ヤンキース田中将大投手(26)が、タイガース戦で6回1/3を1失点と好投し、完全復活をアピールした。今季初めての中4日で、試合開始時の気温が0・5度と極寒の悪条件だったが、12年の3冠王カブレラら強打者ぞろいのタ軍打線をわずか3安打に抑えた。勝敗は付かず今季3勝目はならなかったが、チームの勝利に貢献。昨季痛めた右肘の問題もないようで、好調時の投球を取り戻した。

 試合前には雪がちらつくほどの寒さの中、田中が回を追うごとに調子を上げていった。「こういう天候ですし、初回の入りは、自分の状態も含めて慎重になった部分はあった。体全体の動き方っていうのは、難しかった」という。先頭にいきなり三塁線を破る二塁打を打たれ、4番V・マルティネスの犠飛で先制点を許した時は、ベンチのジラルディ監督も心配そうな表情を浮かべた。

 2回からは「相手がそんなに積極的には打ちにきてなかったんで、もうひとつ大胆にストライクを取りにいこう」と、気持ちを切り替えた。

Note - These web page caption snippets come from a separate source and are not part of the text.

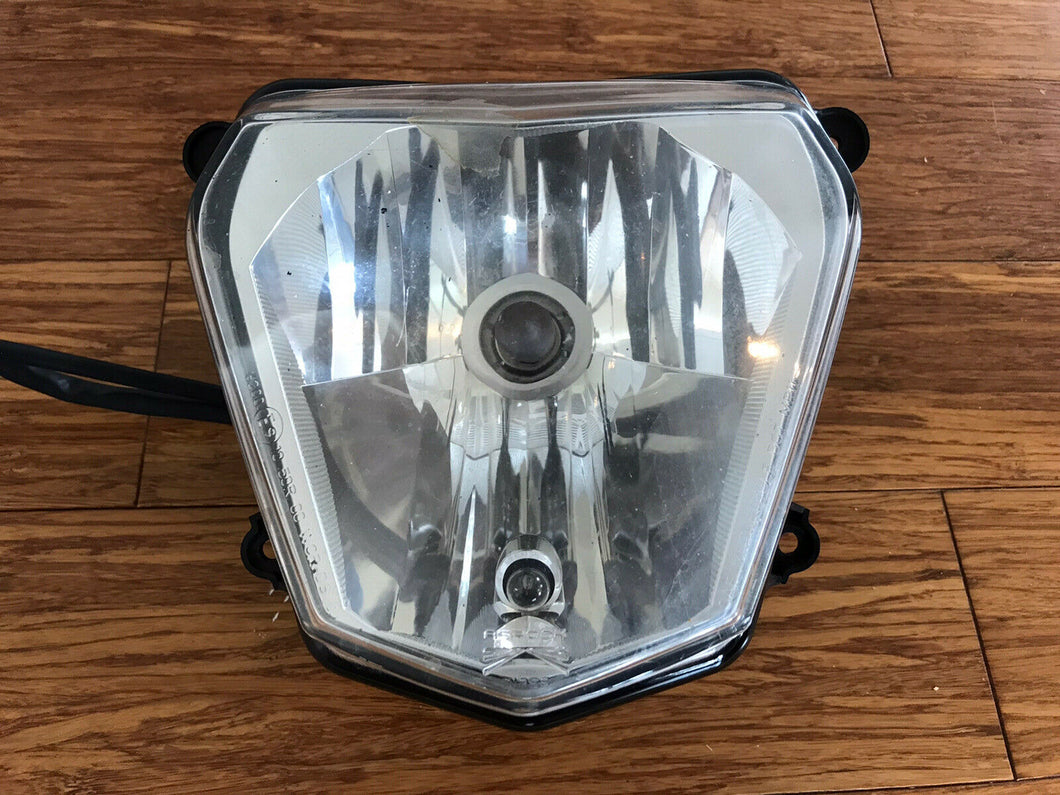KTM 690 Duke headlight 2012-2017 – byronmotospares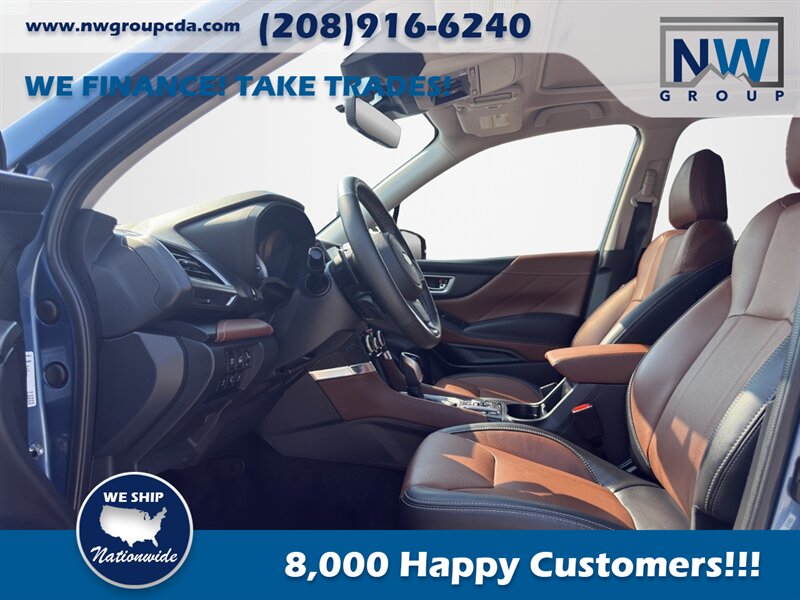 2024 Subaru Forester Touring.  9k miles, AWD, Panoramic Sunroof! - Photo 10 - Post Falls, ID 83854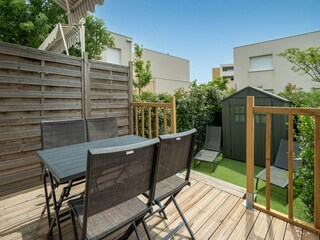 Villa Valras-Plage Außenaufnahme 7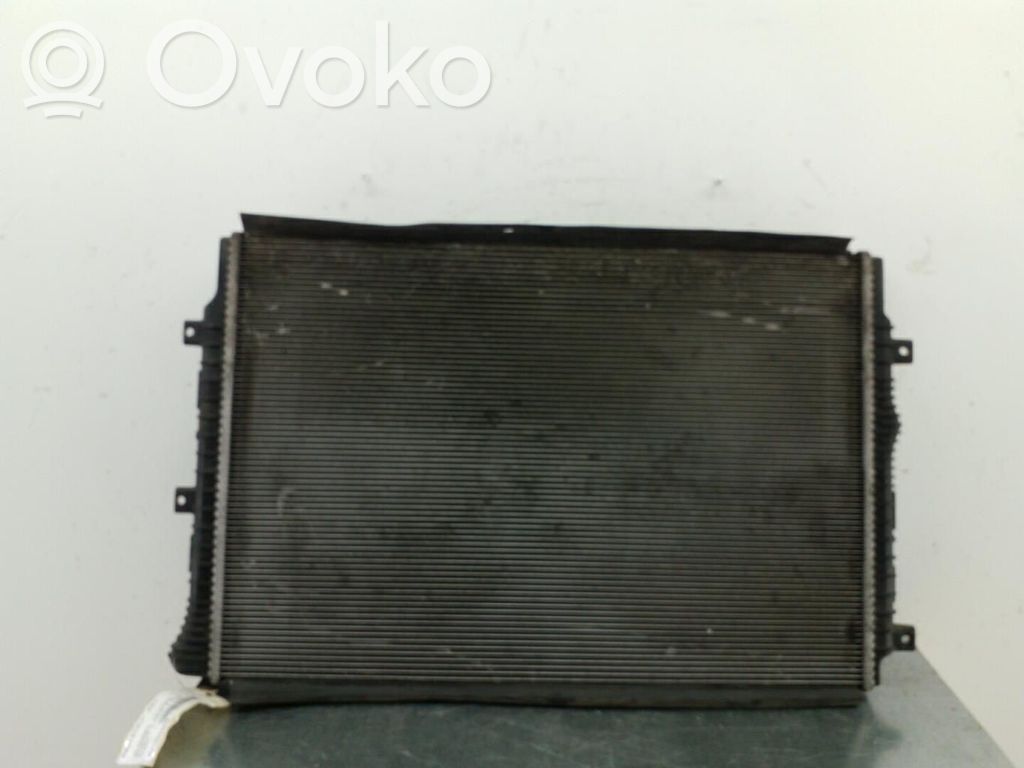 Coolant radiator   5K0121251Q,VN2414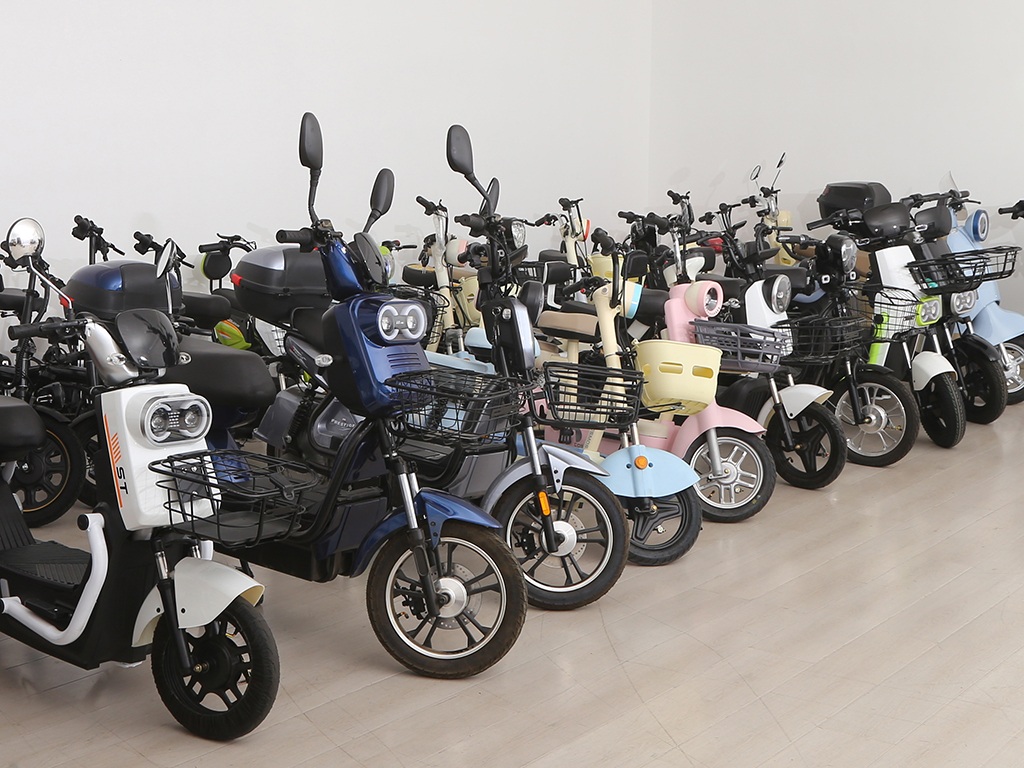 Multiple specs to choose from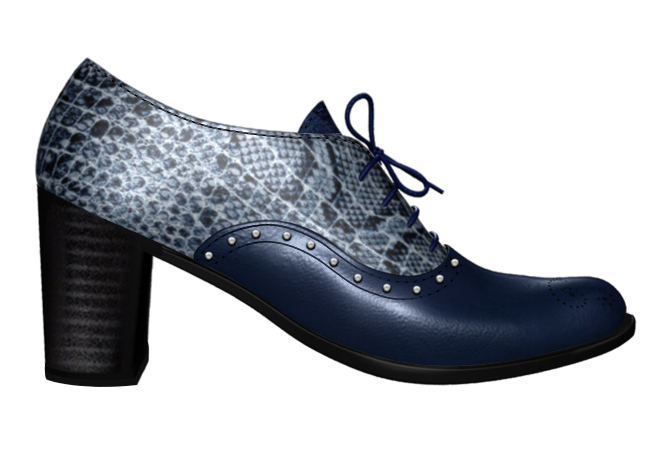 Holborn - Block Heel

変化球やムービング系の球がよく動き、この日奪った空振りは11度。12年3冠王のカブレラには1回に四球を与えたものの、その後の4、6回とも右飛。リーグ屈指のDH、V・マルティネスも無安打、キューバの大砲セスペデスには4回にスプリットで3球三振を奪うなど圧倒した。女房役のマキャンも「すべての球が生きていた。マウンドに上がるたびに(失点)ゼロと勝利を期待できる、昨季の良いときと同じ投手だよ」と絶賛した。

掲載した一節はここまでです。